La subasta de la que hablamos no es nueva, por supuesto. Eso sí, nadie como Sánchez ha tocado la campana con tanto bronce y tanto brazo para que nos demos cuenta de que todo está a la venta. Surgen o se refuerzan los regionalismos, los comarcalismos; los nacionalismos viejos y orondos con guerras y jeroglíficos perdidos, y los nuevos y más modestos con la simple morriña y la simple buhonería. Al menos, Iceta dice saber cuántas naciones hay, las ha contado como constelaciones, olvidando que las constelaciones, como las naciones, también son agrupaciones arbitrarias. O sea, es coherente en su superstición. De Sánchez nunca podremos decir eso, que sabe cuántas naciones hay o no hay, o qué es o no es España, porque muda, cambia, adapta, tacha, engorda o poda esa España seca o con gajos alrededor según le hace falta. Es como si su concepto de España lo sacara cada día del cajón de los calzoncillos, lo mismo una braga de Marta Sánchez, como una bandera de fragata o de vuelta ciclista, que un tanguita de cocodrilo de Rufián.
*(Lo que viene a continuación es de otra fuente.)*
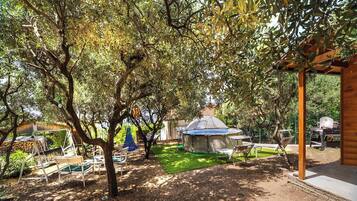 A covered outdoor area with a dome structure, surrounded by trees and outdoor furniture.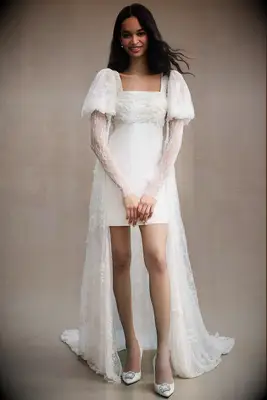 Lace bridal cape with puff sleeves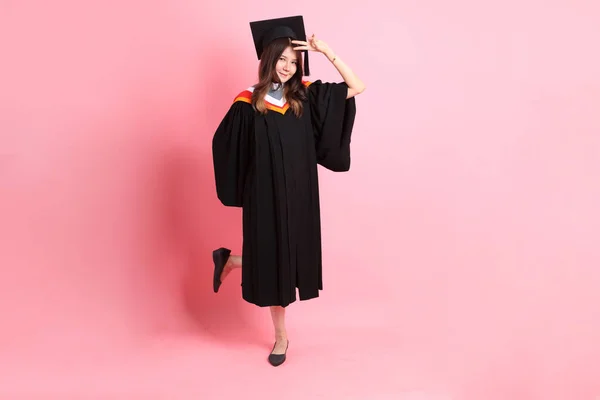 Asian Woman Graduation Gown Standing Pink Background — Stock Photo, Image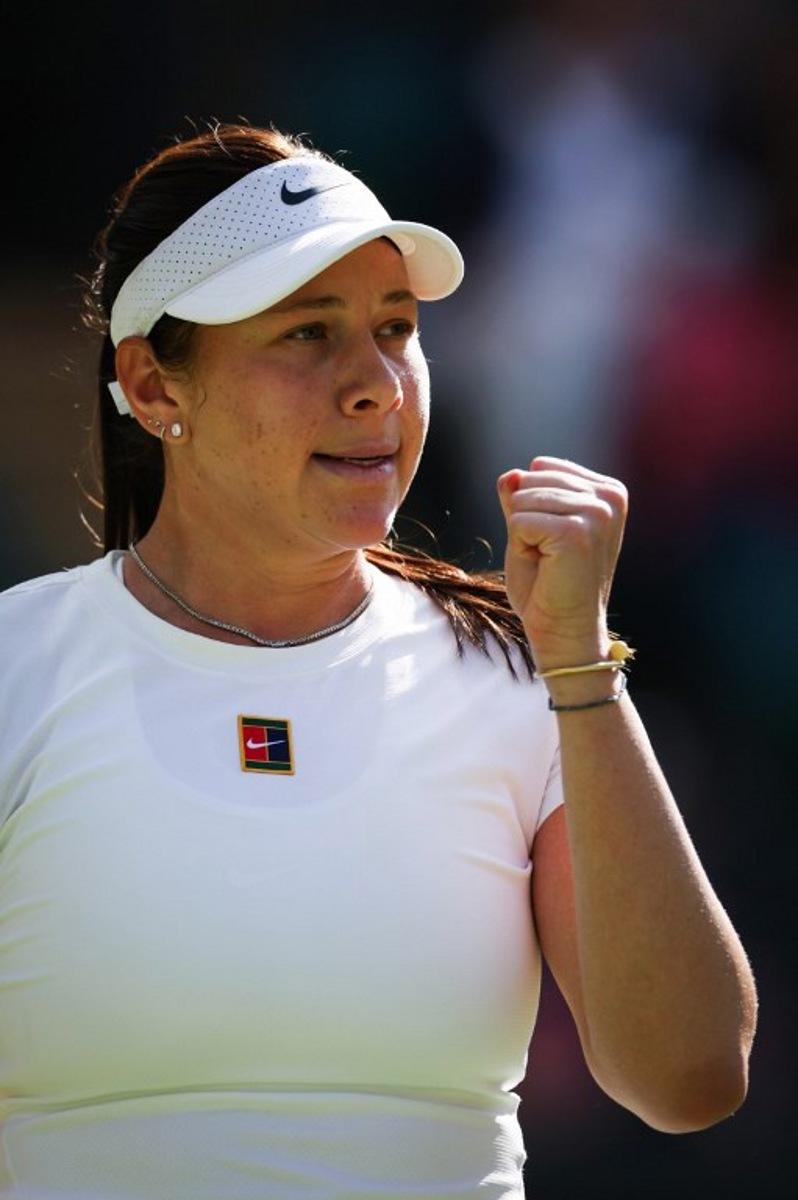 US player Amanda Anisimova celebrates winning the first set against Russia's Anastasia Pavlyuchenkova during their women's singles quarter-final tennis match on the ninth day of the 2025 Wimbledon Championships at The All England Lawn Tennis and Croquet Club in Wimbledon, southwest London, on July 8, 2025.  Adrian Dennis / AFP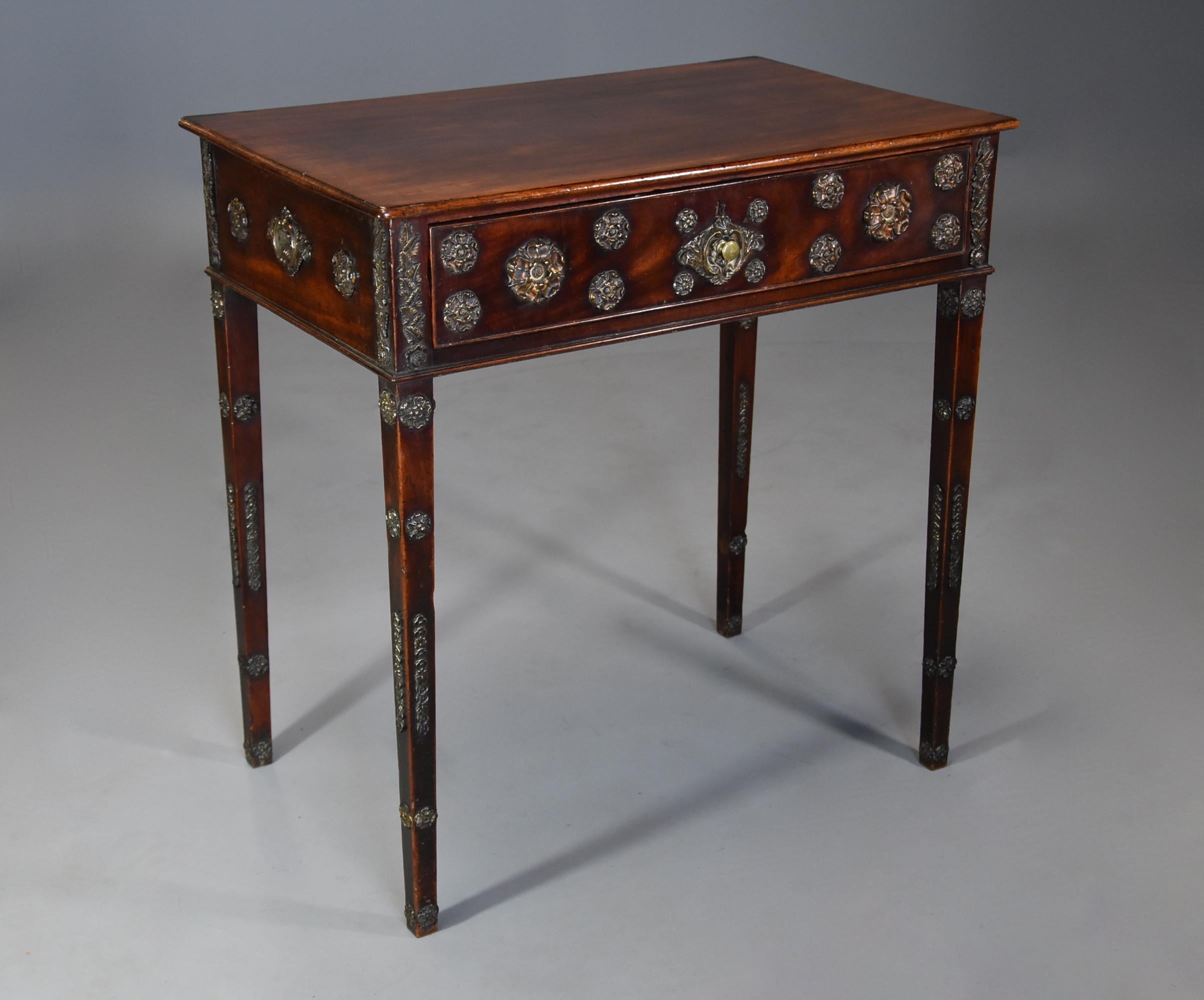 An unusual and highly decorative late 18th century mahogany side table of good patina with later applied brass paterae and mount decoration, the table dating to around 1790 and the mounts probably added around 1820-1830.

The table consists of a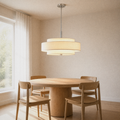 Dining room angle | off-white three-drum chandelier over a round pale-oak table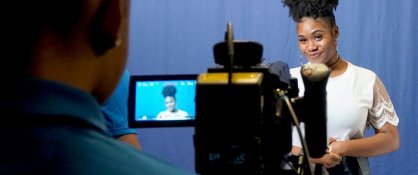 Dillard University female student with video camera.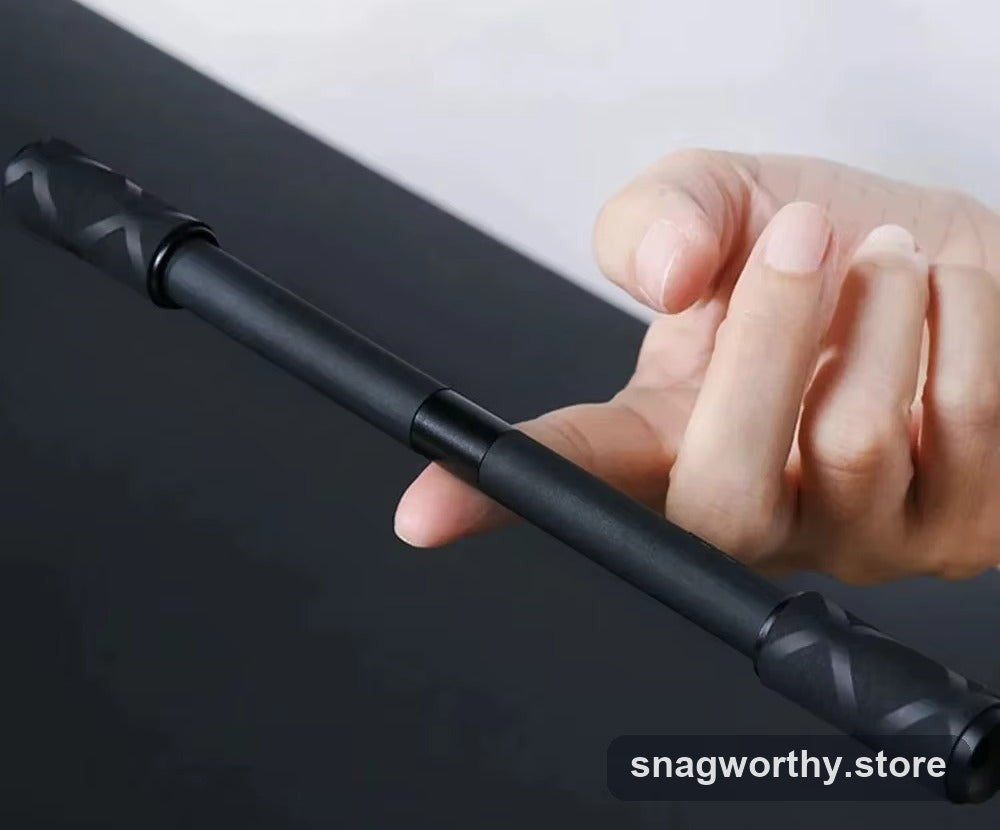 Black metal spinning fidget pen held in a hand | Snagworthy.store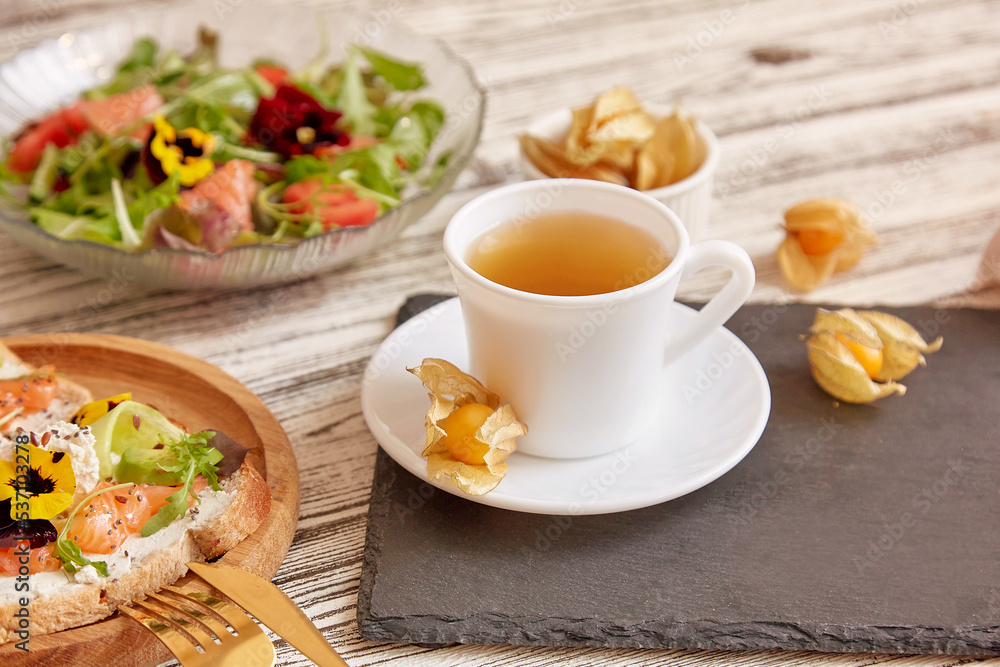 Healthy breakfast pescetarian salad and toasts with smoked salmon, vegetables, greens and edible flowers. Healthy breakfast pescetarian salad and toasts with smoked salmon, vegetables, greens and edible flowers.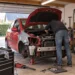 Roter Kleinwagen mit abgebauter Front steht auf Unterstellböcken in einer privaten Garage, ein Mann arbeitet über dem offenen Motorraum, daneben Werkzeugwagen und Wagenheber.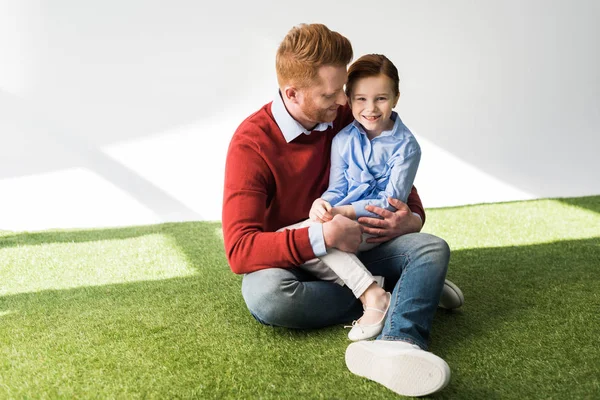 快乐的红头发的父亲和女儿坐在一起在草地上 — 图库照片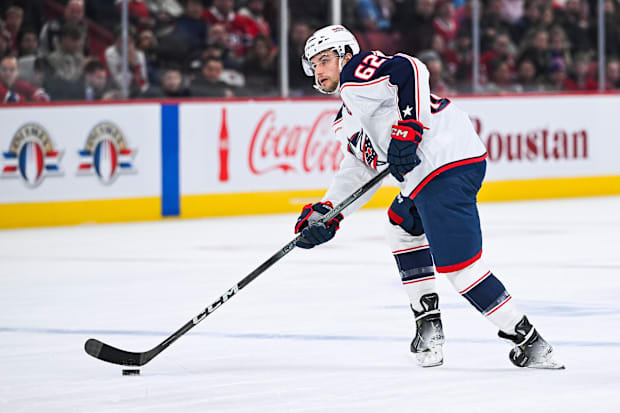 Hockey player shoots puck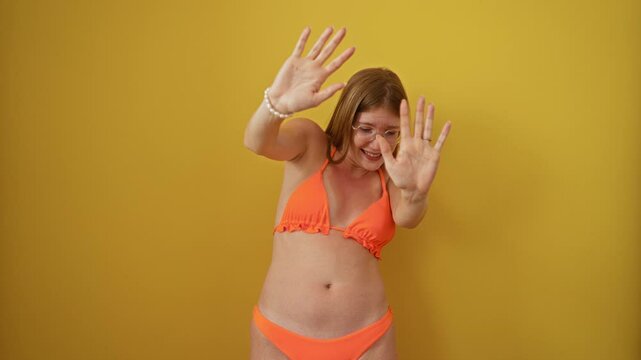 Young woman, blonde and afraid in bikini, hand raised in fear, stopping in terror, shocked expression, panic shouting over isolated yellow background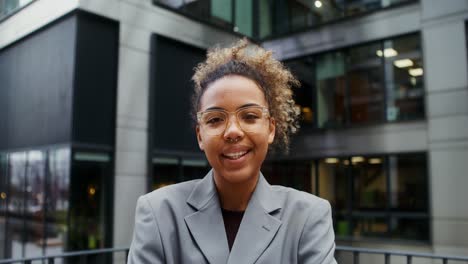 smiling young professional woman in city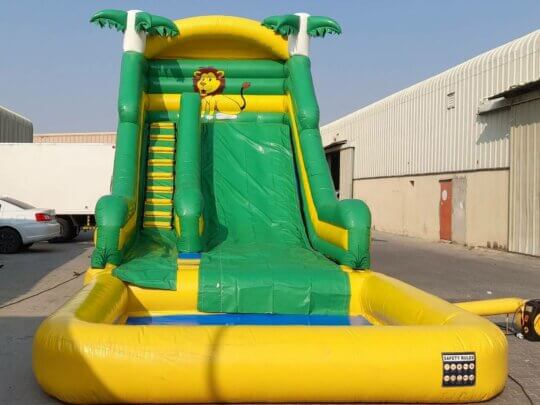 Rent our inflatable water slide for your next party or event, featuring a fun and colorful design and a twisting slide that ends in a splash pool.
El Rey, el pobre, con su paciencia y su ceremonia de mayordomo, recibe a la España sanchista, porque la ha hecho así Sánchez. Es esa España de un partido por cada campanario y una nación por cada glotonería. Por supuesto, cada vez más se apuntarán a la fila, y no me refiero a la fila para ver al Rey, para que les dé un apretón de armadura vieja y diez minutos a la sombra de un tapiz de hilanderas. Me refiero a la fila de Sánchez, el que ha organizado la subasta. Aún no se le nota, pero creo que el Rey ya está pensando que él entra también en esa subasta, esa liquidación, ese rastrillo, como un yelmo o una cajita de rapé. Sonriendo entre flases y alegorías, el Rey parece sostener lo único que queda del Estado entre los charcos de pescadero que ha dejado Sánchez.

El pobre Rey recibía a la nueva España de las ocho naciones y de un partido por cada campanario sin que se le notara que hay más de un tercio del Congreso que quiere acabar con él y con la Constitución. Quien no quiere abolirla quiere pintarla con los colores de las tribus, dividirnos en empalizadas y tótems con cabeza de pájaro; o al contrario, acabar con las autonomías y volver a la España morrocotuda dirigida desde los ministerios feos de la Castellana, siempre con algo de cuarteles o de hospicios para provincianos.